A Portos RS esteve presente no 4º Fórum de Desenvolvimento da Economia Azul RS, realizado em Rio Grande, contribuindo ativamente com os debates sobre inovação e sustentabilidade no setor marítimo. O destaque na segunda-feira (30/3) foi para o painel sobre o avanço do chamado corredor verde ligando o Porto do Rio Grande à região de Antuérpia e Roterdã (ARA), na Europa.
O conceito de corredor verde refere-se a uma rota marítima estruturada para operar com emissões de gases de efeito estufa reduzidas, conectando portos estratégicos por meio do uso de combustíveis sustentáveis e de tecnologias de alta eficiência. No projeto, o Porto do Rio Grande passa a ocupar uma posição central nessa iniciativa, atuando como ponto de origem de uma rota que conecta o Brasil diretamente ao mercado europeu em bases mais sustentáveis.
Além disso, trata-se do primeiro corredor marítimo estruturado com uso de biodiesel na escala entre a América do Sul e a Europa, consolidando-se como um marco relevante na transição energética do setor. De acordo com os dados apresentados, a operação atual utiliza uma mistura de combustível B24, sendo 24% de biocombustível e 76% de óleo combustível marítimo de baixo teor de enxofre (VLSFO, na sigla em inglês), o que permite uma redução de emissões entre 20% e 30%, com perspectiva de avanços ainda maiores no futuro.
A empresa Odfjell já vem operando essa rota com a utilização de biocombustíveis em viagens de longo curso, posicionando-se como uma das companhias pioneiras nesse tipo de operação. A iniciativa prevê a realização de cerca de 10 a 15 viagens por ano dentro desse modelo, reforçando a viabilidade técnica e econômica do corredor verde.
"Fazemos isso para demonstrar que combustível certificado, tecnologia e infraestrutura já estão disponíveis", afirmou Marcelo Pasquali, vice-presidente comercial da Flumar, subsidiária brasileira da Odfjell. "Com isso, mostramos que o biocombustível sustentável é uma opção viável para a navegação de longo curso hoje", complementou.
Também destacou-se na apresentação o papel estratégico do Brasil nesse contexto, não apenas como origem logística, mas como potencial fornecedor de biocombustíveis em escala global. Os empresários enxergam o país como peça-chave na cadeia de descarbonização do transporte marítimo, especialmente pela capacidade de produção de combustíveis renováveis que podem abastecer rotas internacionais.
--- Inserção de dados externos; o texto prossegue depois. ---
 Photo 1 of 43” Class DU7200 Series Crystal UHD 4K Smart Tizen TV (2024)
Outro ponto relevante abordado foi a construção de parcerias internacionais para viabilizar o corredor, incluindo conexões com importantes hubs portuários europeus, como o complexo de Antuérpia e Roterdã. Essas articulações ampliam as possibilidades comerciais, aumentam a eficiência logística e fortalecem a integração entre continentes sob uma lógica sustentável.
A proposta do corredor verde também se insere em um contexto mais amplo de transformação do transporte marítimo, no qual empresas vêm investindo de forma consistente em tecnologias de redução de emissões e eficiência energética. A companhia já alcançou metas relevantes nesse campo, antecipando compromissos ambientais e demonstrando que é possível alinhar competitividade com sustentabilidade.
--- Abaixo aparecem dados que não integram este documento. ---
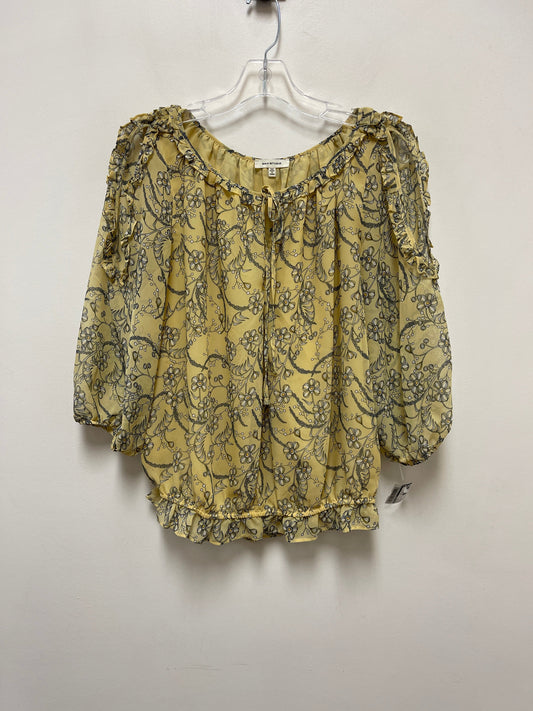 Top Long Sleeve By Max Studio In Yellow, Size: M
Ao mediar o painel, o diretor de Meio Ambiente da Portos RS, Henrique Ilha, reforçou a importância de iniciativas como essa para o futuro da economia azul no Rio Grande do Sul, destacando o potencial do Porto do Rio Grande como protagonista em rotas internacionais sustentáveis. O presidente da Portos RS, Cristiano Klinger, também destacou a relevância da transição energética para o setor portuário: "Seguimos comprometidos com o avanço de práticas sustentáveis e com a inserção do Porto do Rio Grande em iniciativas globais que promovam a descarbonização e a inovação no transporte marítimo", enfatizou.
A discussão evidenciou que o corredor verde não é apenas uma inovação logística, mas um passo concreto na direção de um modelo de desenvolvimento que integra crescimento econômico, responsabilidade ambiental e cooperação global. Nesse sentido, a iniciativa ganha força a partir da atuação conjunta entre a Portos RS e os demais parceiros envolvidos, consolidando uma agenda colaborativa voltada à descarbonização do transporte marítimo.
Com isso, o desenvolvimento do corredor verde Rio Grande-Europa se afirma como resultado de uma construção coletiva, que reforça o papel estratégico do Porto do Rio Grande e evidencia a importância das parcerias institucionais e empresariais para posicionar o Rio Grande do Sul no centro das transformações do comércio marítimo internacional.